D* really needs to get the frickin word out on this program and that the 'techs' need to address the situation, not just show up at the residence, scratch themselves and look at the customer like they are crazy. We saw over in the HD DVR forum that in less than 12 hours after someone spotted the HR23 model mentioned on a D* web page that they could correct it and take it down, they have no EXCUSE for their techs to be rolling out uninformed at this point IMHO.


----------



## Jish (Jul 27, 2007)

Thank You - doesn't the occasional 90 reading on both 99 & 103 mean the dish is aimed properly to begin with, that there is another problem with the low numbers on the 103c evens - is there some connection I can switch (multiswitch?) to see if the numbers flipflop?



JLucPicard said:


> Jish,
> 
> For the 99s and 103s, the 90's you're getting on 99s are probably your locals and anything else doesn't matter. The ones you're getting signals on are probably just bleed over from an nearby area. So your locals should look OK.
> 
> ...


----------



## JLucPicard (Apr 27, 2004)

I'm going to defer to some who are a lot better at these things than I am, but you can switch cables around, etc., and see what happens. And as I alluded to, if you have any loose connections or damaged cables, those are the first things to take care of. I would have thought if you have a bad cable or faulty switch that was causing your 103s evens to be low that the evens on the other sats would also be low. That's why I was thinking it was dish aiming.

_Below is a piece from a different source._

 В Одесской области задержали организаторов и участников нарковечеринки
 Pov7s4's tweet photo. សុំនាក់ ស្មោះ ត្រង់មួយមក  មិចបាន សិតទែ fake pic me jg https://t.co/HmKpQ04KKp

Basically, the dish reflects the signals coming from five orbital slots onto the LNB assembly. The dishes are precisely designed so if they are aimed properly it will focus all of those signals onto the LNB assembly in such a way that there is adequate signal reception from all five slots. It is possible to point the dish in a way that one or several of the beam positions are adequately reflected while still missing on some slots. In that case, the dish needs to be adjusted to pick up all five slots with enough strength to function properly. That's what I'm thinking your situation is right now. Yes, you are getting adequate signals for much of the signals, but it's still not quite right if you're not getting all of them.


----------



## DishCSR (Jan 14, 2004)

DarinC said:


> I just don't understand how it can be so difficult for anyone to see that DirecTV initiated the service call. They don't keep track of who made the request? EVERY service company wants to get compensated for their service... how can they charge someone if they don't keep a record of the request? If they DO show that DirecTV made the appointment, then DirecTV should have similar records to indicate what happened on their end to initiate the request.


lol , this is dtv we're talking about,,,the mis-communication is rampant. More than likely there are notes on the account, but in a place that very few csr's (probably 1% or less,) know about, and also in a place that only csr's can see, not the install company. The notes are more than likely in the "system notes" part of the software not the "general notes" part. and even then, only that a call was made to the customer would be visible, not what the problem was..or the result of that call, like a service call being setup...believe it or not this is the way dtv operates....lol and why i'm so glad I don't work there anymore, because I was one of the very few who knew all these things.


----------



## rudeney (May 28, 2007)

Tideman said:


> Exact same thing happened to me a month ago. They called me with the same problem, sent a tech but did not tell him what he was comming for. I explained to him exactly what happened an what DTV said the problem was. His response was if I was gettting all my channels there was nothing for him to do. He would not even look at the signal strength just said if it was not right you would not be getting all your channels. The he left.
> 
> called customer service and they did not know why a tech had called me only that a service call had been scheduled.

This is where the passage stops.